Mercati, il 2018 chiuderà un ciclo
Il 2018 potrebbe essere l'ultimo anno di tranquillità sui mercati azionari, la cui fase ribassista chiuderà il ciclo economico. Questo per varie ragioni: l’assetto più aggressivo delle banche centrali (in primis della Federal Reserve), con l’inasprimento dei tassi, ha spinto al rialzo la volatilità e, giacché la stretta monetaria è destinata a durare nel tempo, anche l’aumento della volatilità proseguirà causando rendimenti in calo in quasi tutte le asset class nel corso dell’anno. Il secondo trimestre di quest’anno segna quindi l’inizio della fine della Goldilocks economy, cioè un ambiente caratterizzato da moderata crescita economica, bassa inflazione e che consente una politica accomodante da parte delle banche centrali.

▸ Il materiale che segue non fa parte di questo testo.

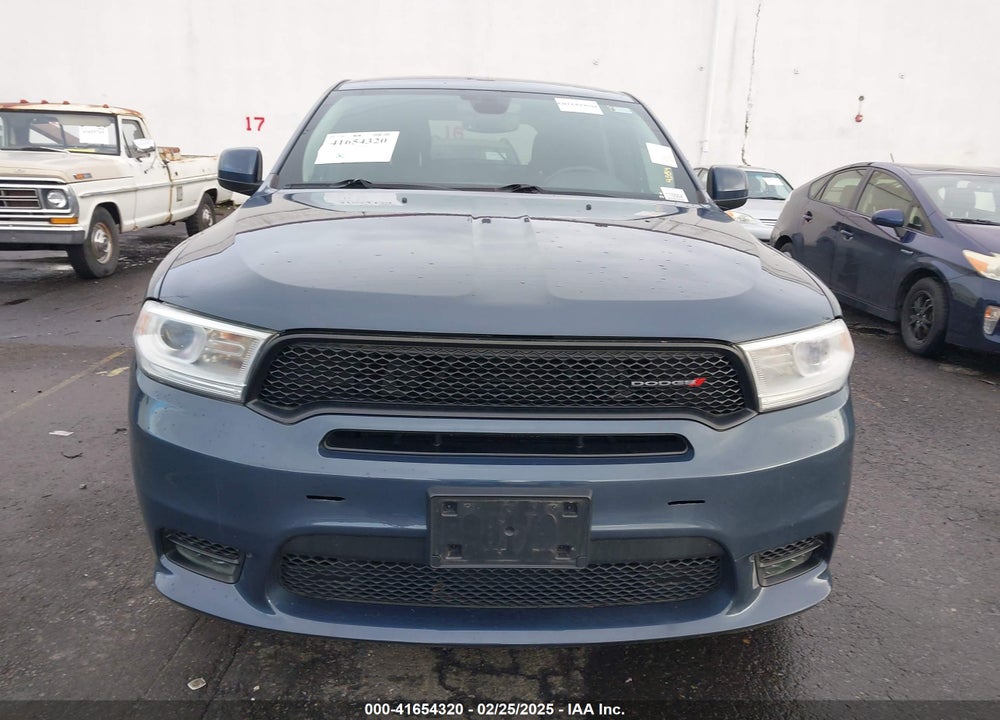 2019 DODGE DURANGO VIN: 1C4SDJFT6KC685191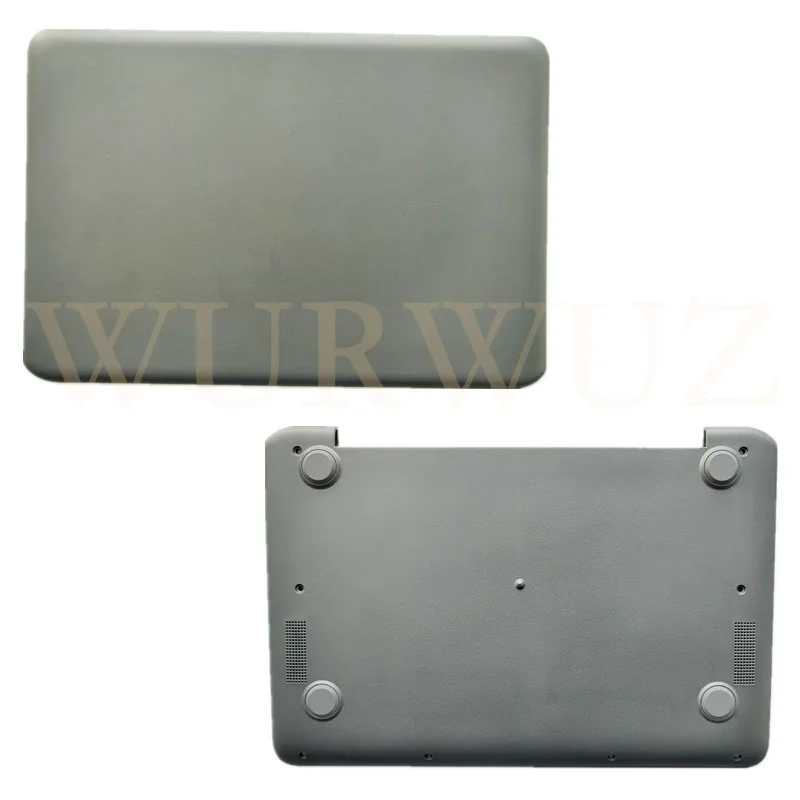 

Новая задняя крышка экрана D, нижняя часть корпуса для HP Chromebook 11 G6 EE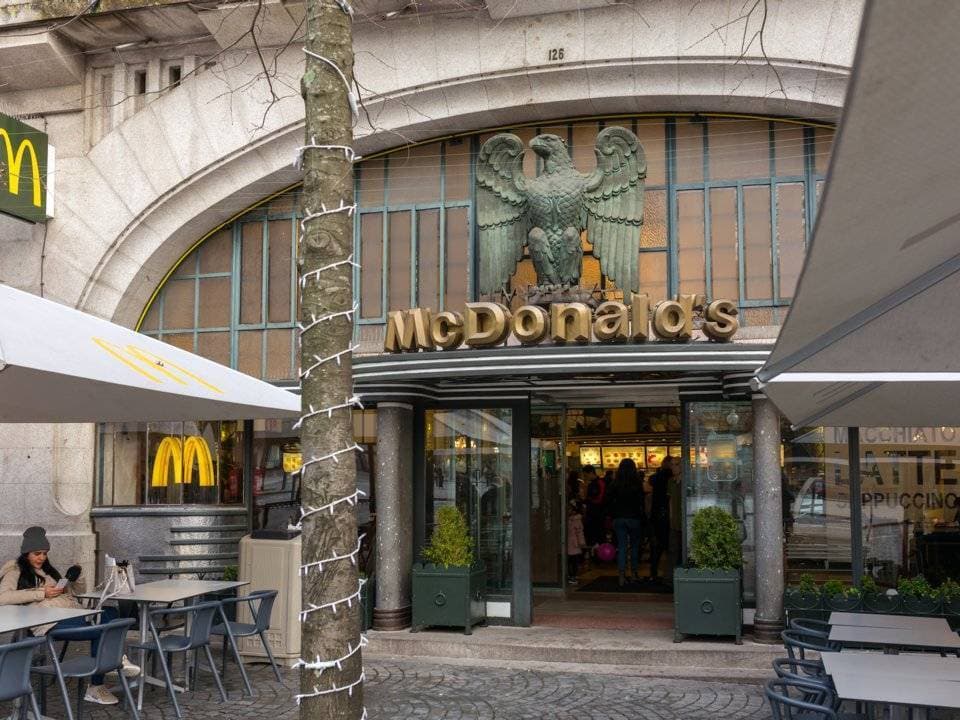 Restaurants McDonald's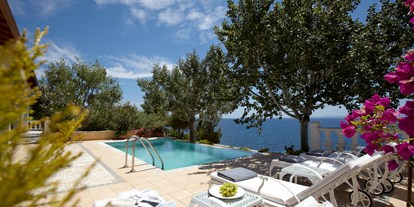 Wellnessurlaub - Whirlpool am Zimmer - Griechenland - Danai Beach Resort & Villas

Questo è lo scenario che prefigura Witold Bahrke, senior macro strategist di Nordea, un importante asset manager, nella sua ultima analisi sull’economia mondiale in questa seconda fase del 2018. Il gestore prevede che il picco massimo per le azioni debba ancora arrivare ma certamente lo scossone subito a febbraio potrebbe indicare l’avvicinarsi di questa vetta. Questi andamenti prefigurano la fine di un ciclo economico che sarà preceduta da "un crollo degli spread di credito e un’inversione della curva dei rendimenti, lasciando poi il posto a un picco dei titoli azionari e, infine, a una recessione". Nonostante non ci siano segnali di panico sui mercati, spiega Bahrke, "il credito ha sottoperformato nel primo trimestre e gli spread si stanno muovendo sempre più al ribasso".

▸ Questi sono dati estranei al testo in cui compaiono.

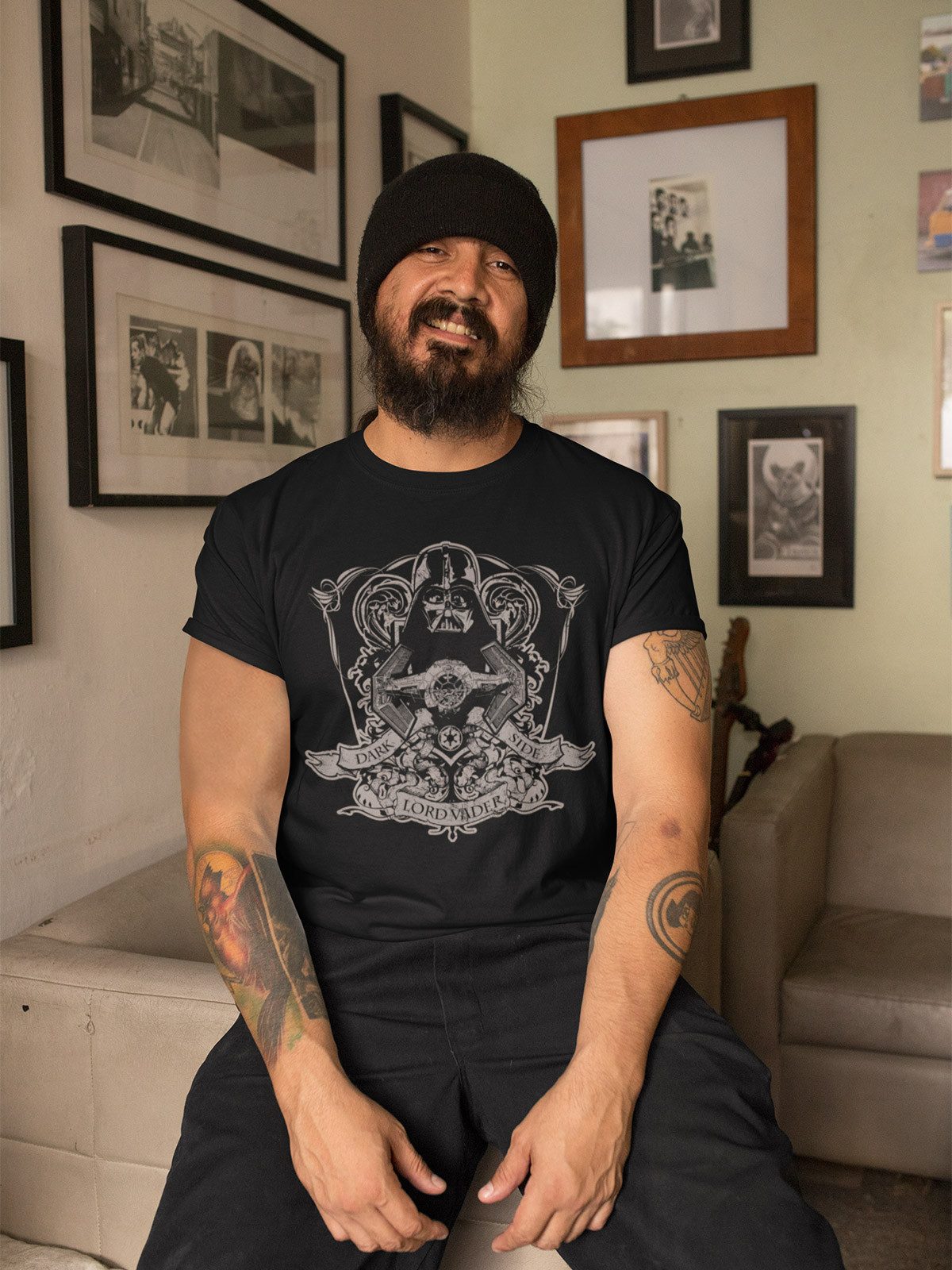 Star Wars T-Shirt Lord Vader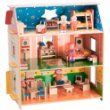 Alex Toys My Dollhouse with Furniture and Dolls - B00004U3G6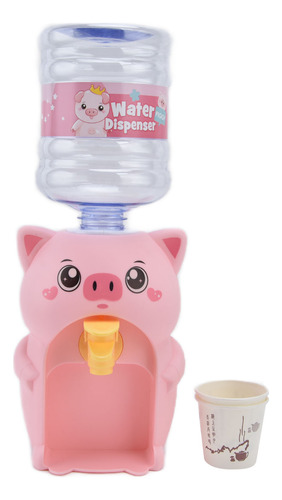 Dispensador De Agua De Juguete Para Niños, Bonita Miniatura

Tuttavia, il rischio principale nello scenario macroeconomico diventerebbe quello azionario, poiché il comparto non riuscirebbe più "a mantenere viva una fase rialzista, seppure in corso di esaurimento". C’è anche un altro elemento che desta l’attenzione degli analisti: a febbraio, le correlazioni fra rendimenti e azioni sono diventate negative, a differenza di gran parte del 2017. Il lieve aumento dei tassi è stato accompagnato da un calo delle azioni, "a segnalare che potremmo essere vicini alla soglia del dolore dei tassi e della solidità sottostante dell’economia, malgrado i tassi reali e nominali siano ancora storicamente bassi".
Una soglia del dolore quindi molto bassa, che è indice di uno scenario di scarsa crescita. I mercati poi sono più nervosi riguardo all’inflazione, che nel 2018 dovrebbe crescere in un contesto però di sviluppo più lento: al contrario di quanto avvenuto nel 2017. Il rischio di un’impennata dell’inflazione a breve termine "è molto probabile", scrivono da Nordea. "I tagli fiscali promossi da Trump – commenta infine Bahrke – stanno alimentando la tensione riguardo all’inflazione. L’economia statunitense sta procedendo alla massima velocità e ulteriori stimoli favorirebbero un aumento dei salari oltre la crescita reale, spingendo la Fed a inasprire il suo approccio con maggiore veemenza".